Translate Genbank nucleotide files
[Menu-bar>Protein>Nucleotide sequence]
1 AAACATGGCG CTGGCTAGCG TGTTGCAGCG ...
51 ACGGGTTTTT TGGGCTCGGA GGTGGTGCAG ...
101 GGGAGTCCTG GTGATGGGCT GAGCCTAGCC ...
...
The Genbank file format and Embl file format are widely used file
format for annotated nucleotide sequences (format specifications:
http://www.ncbi.nlm.nih.gov/Sitemap/samplerecord.html and
ftp://ftp.ncbi.nih.gov/genbank/gbrel.txt and
http://www.ebi.ac.uk/embl/Documentation/User_manual/usrman.html).
When a Genbank file is loaded into STRAP the entire nucleotide
sequence will be extracted and appear in the multiple sequence
alignment pane.
These nucleotides can be translated into
amino acids using the CDS-sequence-features within the protein file.

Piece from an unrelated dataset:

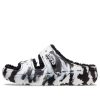 Crocs Classic Cozzzy Marmoroidut sandaalit ”Black White” 207907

The Genbank file contains fields with the keyword "CDS" (coding sequence).
The text following "CDS" tells the translation direction and the translated nucleotides.
The sequence may be continuous or interrupted by introns.
The following example of a CDS field is from the file NCBI_NT:5757659.
CDS 5. .799
/gene="Psmb5"
/codon_start=1
/product="proteasome subunit X"
/protein_id="AAD50536.1"
/db_xref="GI:5757659"
/translation="MALA ...VSVP"
If the Genbank file contains several genes the user can chose one of them.
Sometimes Genbank files already contain the translation in a field
/translation. The sequence computed by STRAP should be identical to
this sequence.
When the project is saved to disk an additional file will be created with
the ending ".dna" coding the translation direction (forward/reverse
complement) and the translated and un-translated positions.